Decades later, the glamour is gone. Their airline is about to be merged out of existence. But they still are flying, five flight attendants who have seen commercial aviation change radically along with the country's attitudes toward women and the workplace.
Attendants at other carriers may have more seniority individually, but no other cabin crew in the nation is like the "golden girls, " as they call themselves. Together they have more than 200 years of experience. They've been on the same flight schedule for three decades.
TWA Flight 894 recently left Los Angeles International Airport for Washington, D.C., with all five aboard. Some of them first flew when Elvis Presley was hitting the charts and Dwight D. Eisenhower was president. Now they are the airline's most senior flight attendants, working with pilots who are children of pilots they once flew with.
Beverly Sanford was one of the youngest among the group, with 37 years under her pin. She was working first class with Dolores "Dodo" Narz, the No. 1 attendant at TWA, who was in her fifth decade with the airline. "We've been like a sorority in the air, but that's sadly coming to an end," Sanford said.
It was one of their final flights as a group. Today, they begin working separate shifts now that their direct Los Angeles-to-Washington route has been eliminated.
Trans World Airlines was acquired in April by American Airlines, which plans to take the TWA name off aircraft over the next year and give flight attendants new uniforms.
It marks the final chapter for a once-stellar airline that had many notable firsts: the first to serve freshly brewed coffee in-flight (1957), the first in-flight movie (1961) and the first all-jet fleet (1967). It also once dabbled with paper dresses for flight attendants until the crews complained about how they tore and didn't keep them warm in the winter.
The golden girls--all based in Los Angeles--had seen and lived through most of it, from TWA's glory days to an airline that struggled to keep financially afloat. In an ignominious send-off, Forbes magazine earlier this year dubbed TWA the worst airline for bumping passengers on overbooked flights.
"It does bring tears to my eyes to think of what an airline it was," said Sanford, who began flying as jet planes began to enter service. "TWA has had its day."
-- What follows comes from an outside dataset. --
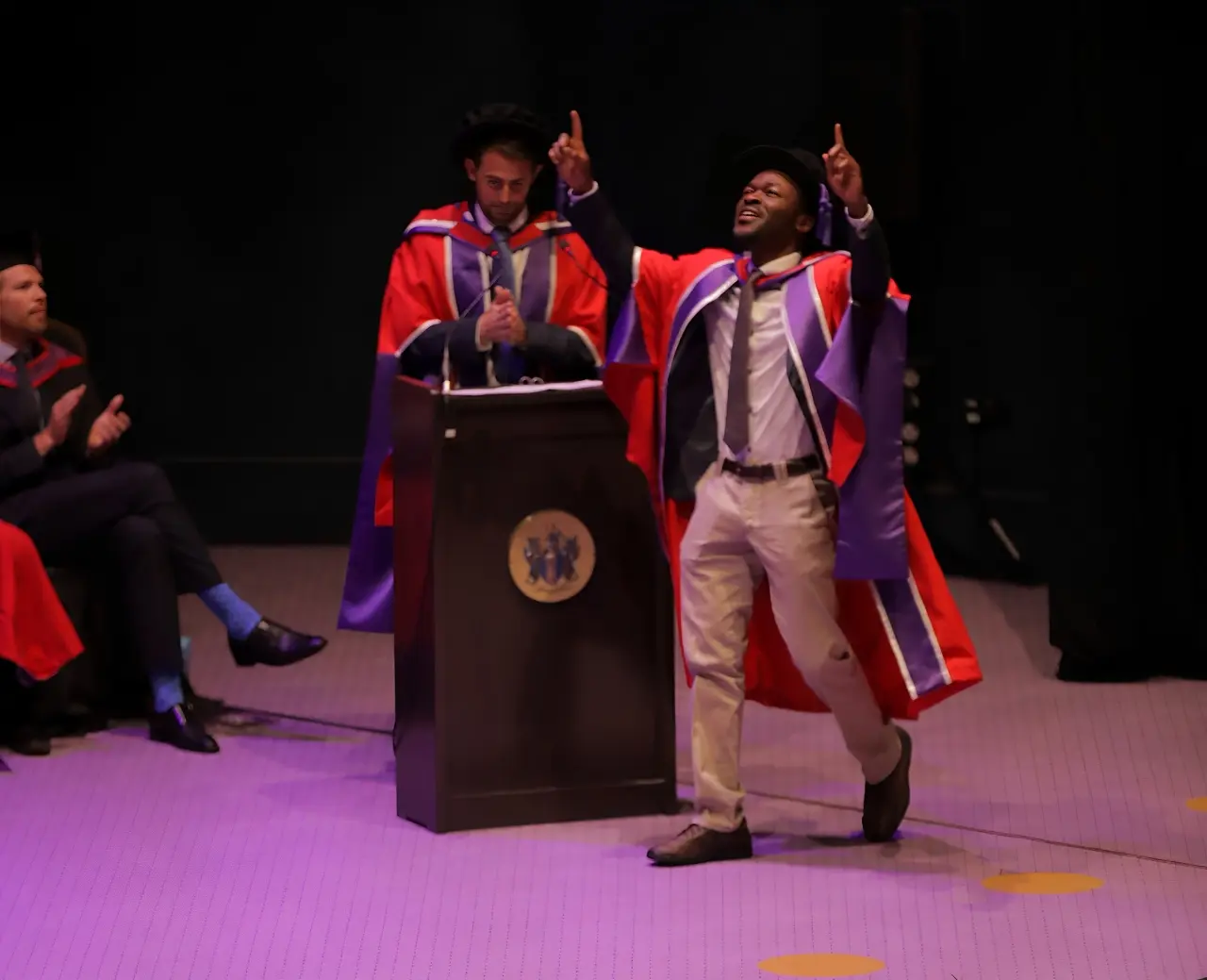 Prof. Andrew Agbaje raises his hands in celebration during PhD award ceremony, declaring 'To God be the glory.'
The same cannot be said about the senior attendants, who plan to keep flying two or three times a week.
On the flight from Los Angeles to Washington, Cathy Gordon, a 36-year veteran at TWA, boasted to an incredulous passenger that not only was her uniform older than he but that she was the youngest attendant in the cabin.
Gordon, 56, a native of Mattoon, Ill., is considered a baby among the crew that includes Narz, who is completing her 48th year with TWA, according to airline officials. Narz, a legend in the industry, doesn't much care for the No. 1 title and refuses to divulge any information or give any hints that could help someone trace her age. TWA sources put her age at 72.
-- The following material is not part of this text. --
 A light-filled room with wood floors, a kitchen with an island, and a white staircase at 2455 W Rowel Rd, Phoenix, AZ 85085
"I really don't like titles," she said before kneeling to grab a can of apple juice that had fallen under a seat.
"See the glamour?" Narz said as she felt a tear in her pantyhose.
Narz estimates she has worn out about 15,000 pairs of hose. At an average of three pairs per flight, which is what she said she wears out, and two flights per week, that would place the start of Narz's career at a time when the propeller-driven Lockheed Constellation filled the skies. Narz said that her first flight was in a Martin 202, a 36-passenger twin-propeller airplane built in the 1950s.
Charmed by Narz's sharp, barroom ripostes and cackling laugh, actress Joan Crawford once volunteered to help her serve dinner, perhaps the first time that a movie icon worked the aisles.
And once, Narz consoled Elizabeth Taylor as the actress was flying home after a headline-grabbing breakup with Richard Burton. And there was the time when she had a fling with Cary Grant. "He was a private person, a real gentleman," Narz said, declining to provide further details.
Youthful indiscretions aside, Narz, who has been happily married for more than 30 years to Jack Narz, one of television's original game show hosts, said flying was a far different experience back then.
Passengers wore their best suits and dresses, even if it meant sitting on the plane for a cross-country trip that took as long as 10 hours. The "hostesses" were expected to fit a Barbie-like image: blond with blue eyes, wearing a size 6 dress with stockings, hat and white gloves. Long hair was forbidden--short "Kookie" cuts, as they were called, were mandatory. Everyone had to use Revlon's Persian Melon lipstick.